Saved her child’s life and no thank you.

Anonymous
I almost believe it except for the broken bones, and both legs, not hands. Anyone with broken bones would be concentrating on getting better, not on DCUM looking for a thank you card.
Anonymous
Anonymous wrote:I almost believe it except for the broken bones, and both legs, not hands. Anyone with broken bones would be concentrating on getting better, not on DCUM looking for a thank you card.


Are you new to DCUM?
Anonymous
PP all said it already.
In the moment she was caught up in her kid almost dying by her lack of attention.

I’m sorry you’re going through this OP. Hope you are better soon and have a good support system

Now in the aftermath She’s afraid you’ll try to sue her. A “Thank you” acknowledges what you did for her and admits that she may owe you for it. Just Fighting it would be an ordeal.

It’s definitely not right - she’s in the wrong and it’s hard to understand actions from someone something that you would not do..
Anonymous
Sue her
Anonymous
Anonymous wrote:Sue her


Sue her for what?
Anonymous
Anonymous wrote:We have a gated neighborhood park in our neighborhood. A friend’s toddler ran out of the gate and straight into the street in the path of a car. I ran after her and threw myself in front of her body knocking her forward but I was hit by the car myself and ended up with two broken legs. The friend obviously knows what happened, it was a major scene with the ambulance called and both myself and the toddler were taken to the hospital although the toddler had no injuries besides some scrapes and bruises. The driver of the car even stated they could not see the toddler at all and may not have even slammed on the brakes if they didn’t see me. I’ve been friends with this woman for years. At the minimum I expected some sort of thank you- flowers, a note, a call, something but absolutely nothing. I’m actually furious. I didn’t do it for acknowledgement but this feels so cold and rude. Would you say anything?


LOL. Sorry but I just can’t imagine women doing that. Good dramatic line though. B+ on that.
Anonymous
Anonymous wrote:It’s been about a week.


Yes that’s terrible she should absolutely have reached out to you. She was probably in shock at first, but by now at the very very least she should check on you. I would not say anything to her, but I’d also ghost her.
Anonymous
Anonymous wrote:She has probably been told by her insurance company or her lawyer not to interact with you. I have a friend who was in a car accident where a motorcyclist was killed. It was the motorcyclists fault and she was not charged with anything, but had a lawyer in the family who quickly told her to get her own lawyer in a case like this. She did and the first thing he said is not contact the family, don’t post anything on social media, don’t make any public statements. She felt terrible and wanted to reach out to the family but never did. When an accident occurs and there is any chance that you could have liability, you really can’t interact with the other party in America in 2025. She probably really wants to and is being told not to by her counsel.

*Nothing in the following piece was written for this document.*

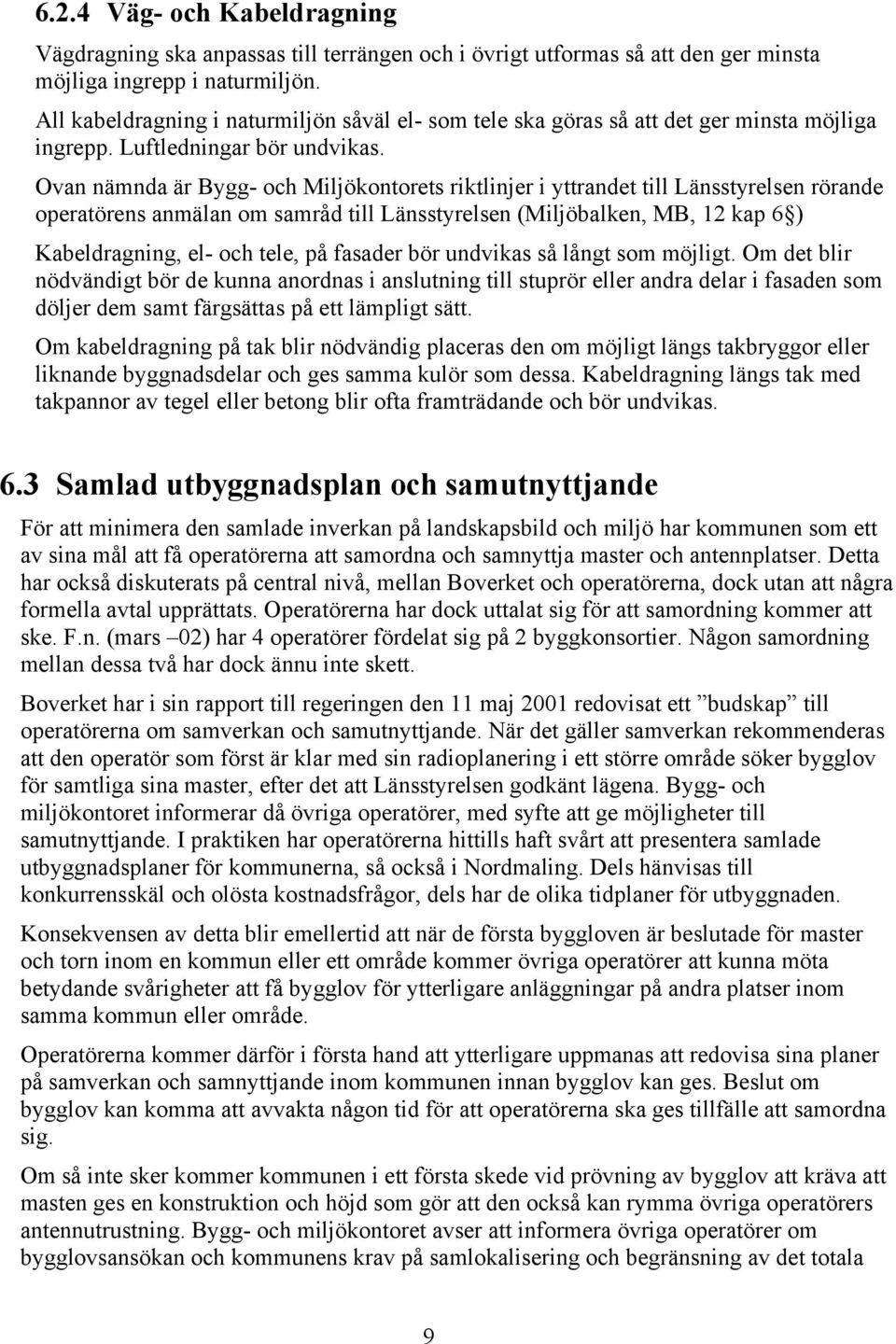 Ovan nämnda är Bygg- och Miljökontorets riktlinjer i yttrandet till Länsstyrelsen rörande operatörens anmälan om samråd till Länsstyrelsen (Miljöbalken, MB, 12 kap 6 ) Kabeldragning, el- och tele, på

This is why people hate low life ambulance chasers. Such a lack of common decency.
Anonymous
I will take things that never happened (but I read about on Reddit) for $800 Alex.

Trolls have to stop.
Anonymous
Reported to Jeff. This is fantasy.
Anonymous
Anonymous wrote:One time in a bookstore my friend's toddler disappeared. We spread out to find her and I found her being walked towards the children's section holding the hand of a strange man. I scooped her up, pressed her against my friend and said thank you quickly to the man. My friend didn't thank him but was asking her toddler if she was okay and talking to her. She was just focused on her daughter.

Maybe your friend was just overwhelmed by the fact that her daughter almost died.


This!

Your friend should be concerned about your well being even if her child wasn't involved. If my friend got hit by a car; I'd send flowers, no matter what.

My husband saved a child from drowning at our club and the mother never acknowledged him either. It's wierd what that type of stress does to people.

Try to forgive her, she's human.
Anonymous
Anonymous wrote:Reported to Jeff. This is fantasy.

+1
Anonymous
Op, I have saved two lives. One involved a stroke and getting the person airlifted to the hospital. The other involved a coworker who had not shown up for work. I did a wellness check, and they were lying on the floor unconscious.

Both times, I didn't receive a word of gratitude. I let it go because I assumed they were embarrassed for reasons unclear.

What you did was far more than what I did. Your friend definitely owes you more than a thank you. You risked your life to save her child. I would cut her off if she decides not to have the decency to thank you.
Anonymous
Anonymous wrote:You are a hero OP. Emotions can be weird after a baby almost dies. Focus on your recovery -- do you have a support network so can cook and clean for you while you recuperate?



I wouldn't give a damn about the mother's "weird emotions." She should have been watching her child better, and this wouldn't have happened. The mother is self-absorbed.
Anonymous
Anonymous wrote:Reported to Jeff. This is fantasy.


Even if it is, why are you reporting a harmless thread?